Rabu, 09 November 2011

Faith (keimanan, keyakinan dalam beragama)

Saya bukan ingin berbahasa Inggris, cuma ingin mengurai beberapa artinya. Kalau dari kamus oxford, faith kira-kira artinya keyakinan yang kuat pada sebuah doktrin agama, didasarkan pada keyakinan rohani atau pengalaman spiritual, bukan didasarkan pada bukti-bukti. Sedangkan di KBBI daring, keyakinan atau keimanan adalah kepercayaan yang sungguh-sungguh atau keteguhan hati yang berkaitan dengan agama.

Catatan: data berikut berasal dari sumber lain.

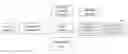Fig. 01 - Reconfigurable microfluidic device and method of manufacturing the same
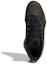Purchase adidas Terrex AX3 Mid Gore-Tex 'Night Cargo' Lelaki Kasut Mendaki BC0469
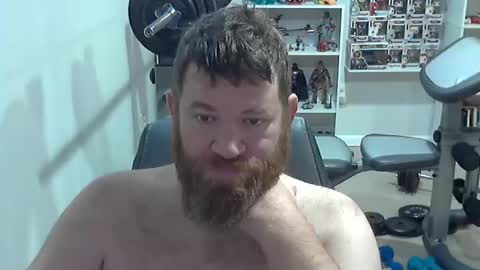 Snapshot of pierced2878 chatting on January 27, 2025, 1:52 pm pierced2878 online show from January 27, 2025, 1:52 pm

Bisa lihat bedanya ndak? Mengapa kalau di kamus luar negeri, ada tambahan bahwa iman itu dasarnya hanya yakin, bukan karena ada bukti-bukti seperti ilmu. Mungkin karena keimanan atau keyakinan di negeri kita masih merupakan hal yang tabu untuk jadi bahan pembicaraan umum. Atau mungkin karena masyarakat kita yang terlalu sensitif, jadi kalau ngomongin isu yang berbau agama seperti kebakaran jenggot. Pasalnya karena biasanya orang merasa keyakinan agama yang dianutnya adalah yang paling benar, sehingga kalau ada orang lain yang berbeda keyakinan maka membuatnya jadi tidak nyaman dan ingin meluruskan sesuai persepsi keyakinannya.

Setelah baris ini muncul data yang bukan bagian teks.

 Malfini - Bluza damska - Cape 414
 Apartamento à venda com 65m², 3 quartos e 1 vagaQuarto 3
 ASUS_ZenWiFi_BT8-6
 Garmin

Urusan lurus meluruskan keyakinan ini tidak hanya terjadi lintas agama loh, tapi juga dalam agama yang sama. Kalau dalam beda agama sangat wajar terjadi karena adanya perbedaan yang jauh. Tapi seringnya dalam satu agama yang sama, adanya beda persepsi terkait ritual atau ibadah menjadi hal yang mengusik realitas. Misalnya: Si A merasa imannya paling benar, sehingga kalau si B yang satu agama itu tidak menjalankan solat atau puasa seperti yang umumnya katanya umatnya banyak melakukan, maka si A merasa perlu membenarkan si B.

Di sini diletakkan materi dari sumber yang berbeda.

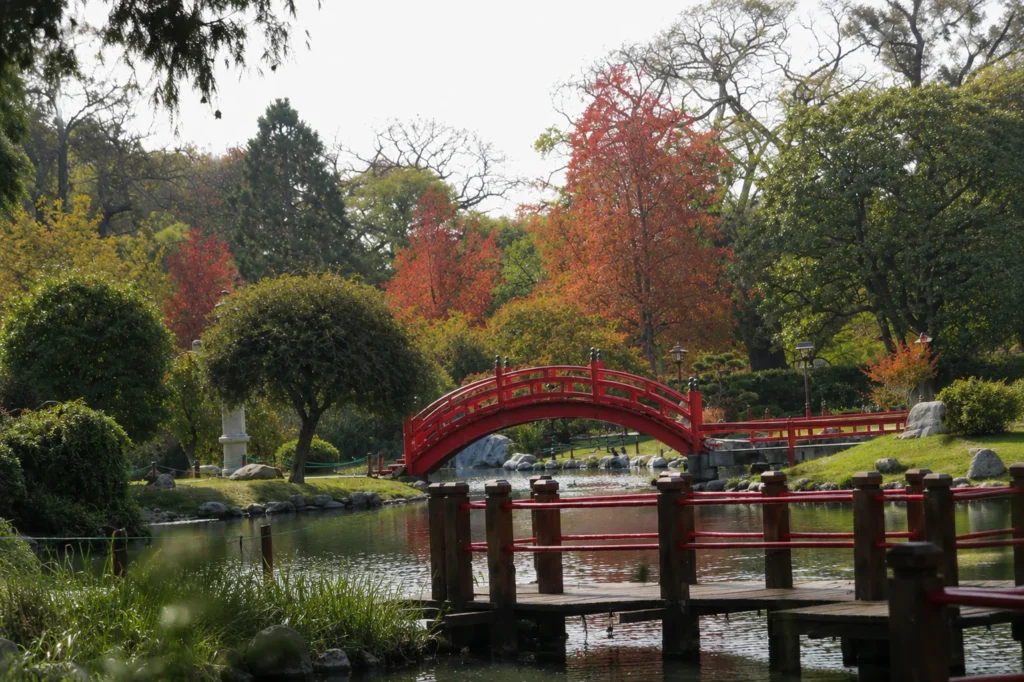 vacaciones de invierno en Buenos Aires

Rasa percaya itu sulit dipaksakan. Kalau hanya modal yakin saja, maka masing-masing orang tidak bisa membuktikan bahwa keimanannya benar atau salah. Karena latar belakang, daya tangkap, kognitif yang berbeda, maka pasti persepsi masing-masing orang pun berbeda. Lain halnya dengan ilmu, dari berbagai kalangan dapat percaya karena dasarnya adalah fakta bukti yang menguatkan sebuah teori atau hukum.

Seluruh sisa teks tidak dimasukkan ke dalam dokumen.